En 1959, le gouvernement du Western Nigeria au Nigeria lançait WNTV et, quelques mois plus tard, WNBS depuis ses locaux d’Ibadan. Dès 1954, la volonté de doter l’exécutif régional, très engagé sur la voie de la revendication de l’indépendance, d’un moyen de contourner la radio contrôlée par le pouvoir colonial avait été très clairement énoncée. Cependant, très vite, ce n’est pas seulement de cela qu’il s’est agi.
L’équipe yoruba qui créa la télévision poursuivait un but identitaire autant que politique ; il s’agissait de faire de cette chaîne unique une vitrine des réussites technologiques, artistiques et culturelles des Yoruba, de leur fournir un support quand ils étaient créateurs, écrivains ou gens de théâtre, de leur fournir un miroir de manière à leur donner collectivement le sentiment de constituer une nation. Ce qui fut singulier c’est que la prouesse technique du gouvernement yoruba importait autant voire plus que le contenu diffusé. Bien qu’elle diffuse des westerns sans rapport avec l’identité yoruba, WNTV allait incarner pour longtemps une identité yoruba se projetant pour elle-même et pour les autres.

Paper 4

Kiriakou Héloïse / IMAF

Pighin Aline / CESSMA

Du nous africain au nous congolais. Littératures et plasticités à la fabrique d’une identité politique et culturelle dans la presse du Congo-Brazzaville, 1950-1970

Dire que la presse mobilise dans ses colonnes un certain art populaire à des fins politiques relève aujourd’hui de la tautologie. La poésie, le feuilleton, la bande-dessinée, l’illustration et leurs détournements sont autant d’outils de promotion et de critique du pouvoir. Cet usage est souvent perçu en contexte africain comme un phénomène très contemporain et post-indépendant.
Pourtant, si la professionnalisation de ses contributeurs est récente, l’usage de la culture au service du politique est à replacer dans la longue durée, et trouve son point d’ancrage dès les années 1950, au moment où une élite africaine restreinte fait l’apprentissage de l’objet imprimé et s’affranchit progressivement des modèles occidentaux. Littératures et arts plastiques sont les moyens de promotion d’une identité, africaine puis nationale, et constituent le terreau des communautés imaginées en devenir.
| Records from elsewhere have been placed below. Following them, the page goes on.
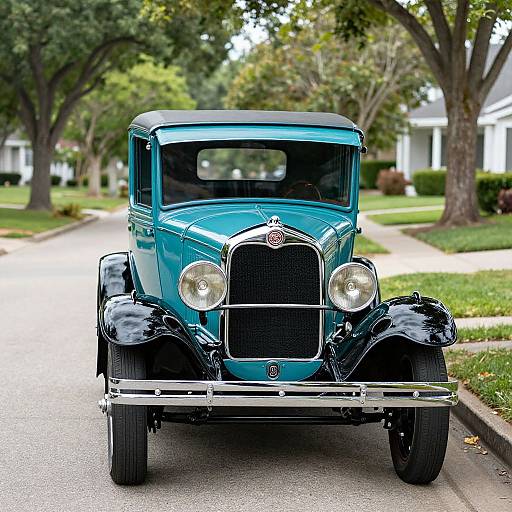Classic 1931 Ford Model A Teal
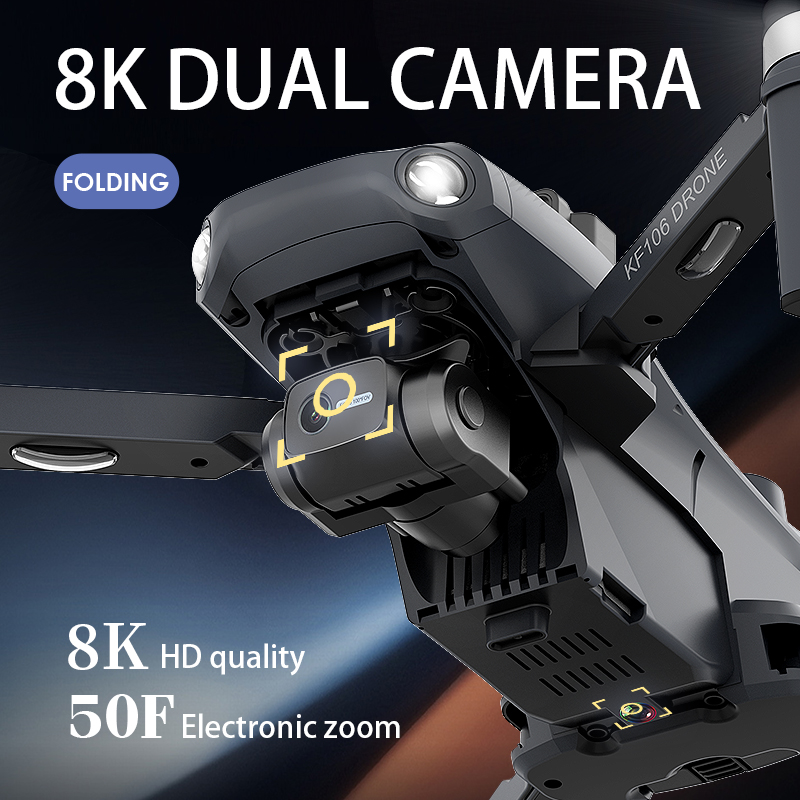 2022 NEW KF106 Max Drone 8K Pr - Rc Helicopter Charger ulasan dan harga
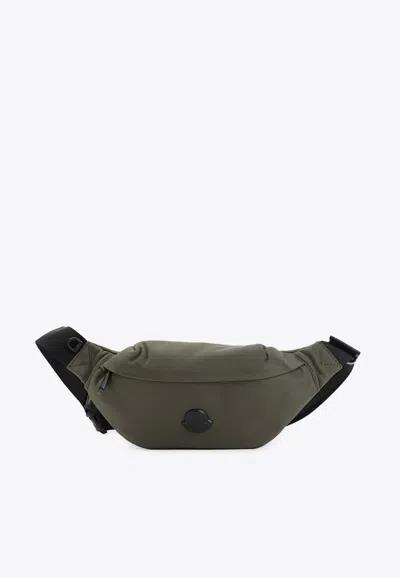 Moncler Durance Small Belt Bag Adjustable Strap In Green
L’analyse, centrée sur le Congo-Brazzaville, met en évidence les moteurs de l’apparition de rubriques et de revues dédiées ou faisant l’usage des arts à des fins politiques et à l’impact populaire et officiel de tels messages. Il s’agira de mettre en avant la période 1950-1970 comme charnière, laboratoire d’une certaine modernité du Congo contemporain, au prisme des contenus éditoriaux dont la lecture est nécessairement multiscalaire – d’abord très connectée au panafricanisme continental, puis recentrée sur la géographie du bassin congolais, et sur les seules frontières nationales.

Paper 5

Goerg Odile / CESSMA, Université Paris 7

L’impact des images : entre westerns, films arabes et films indiens, karaté …
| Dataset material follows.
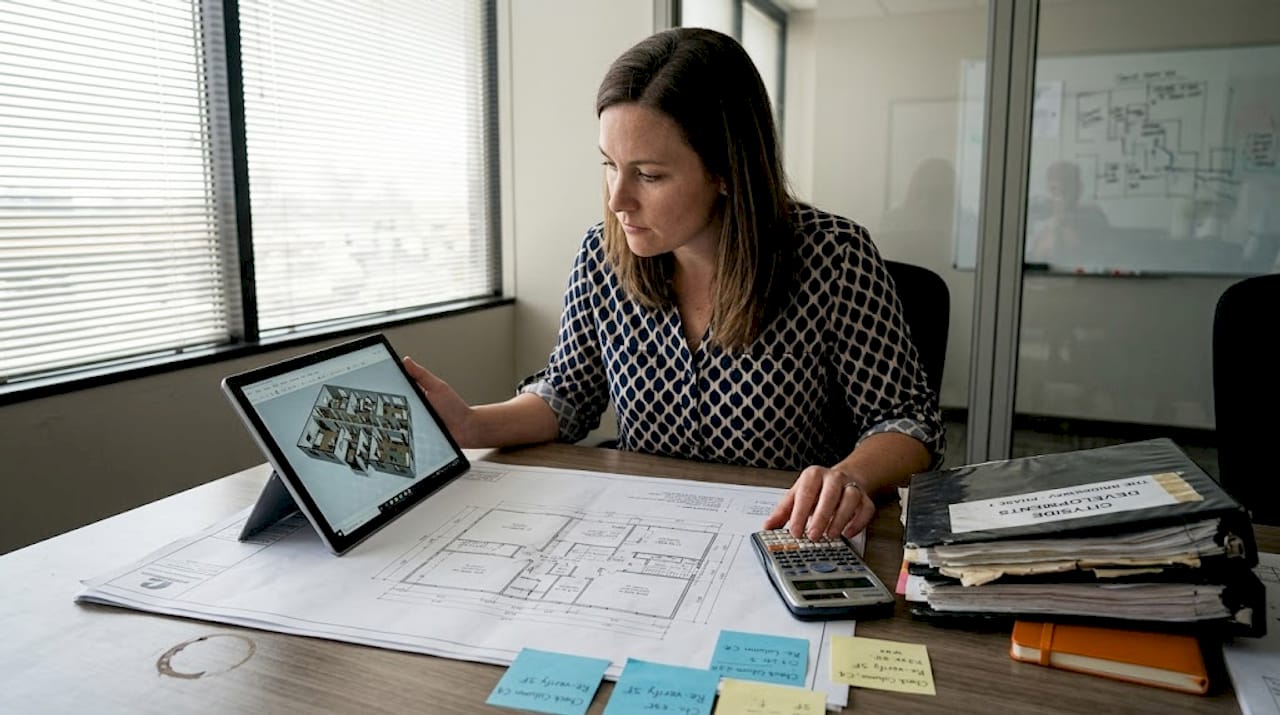 Why 3D Models Are Essential for Builders in 2026 1 Commercial builder comparing 2D and 3D plans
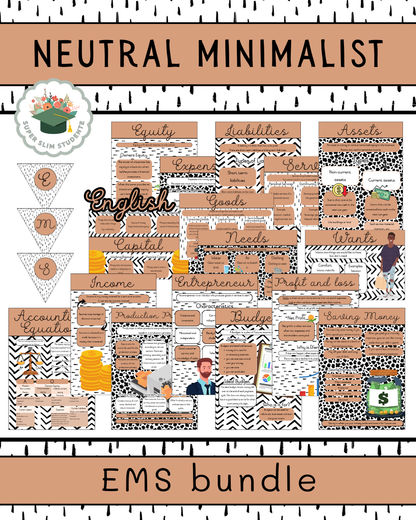 Neutral Minimalist Theme / EMS Bundle [Choose Language]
Par la multiplication des genres (westerns, films arabes, films indiens, karaté, telenovelas…), le cinéma diffuse des images d’un monde autre qui bouleverse, pour des catégories précises de spectateurs (jeunes, hommes ou femmes …) les représentations et influence les façons d’être ou de faire. Ma contribution explore certains aspects de l’impact de la circulation filmique.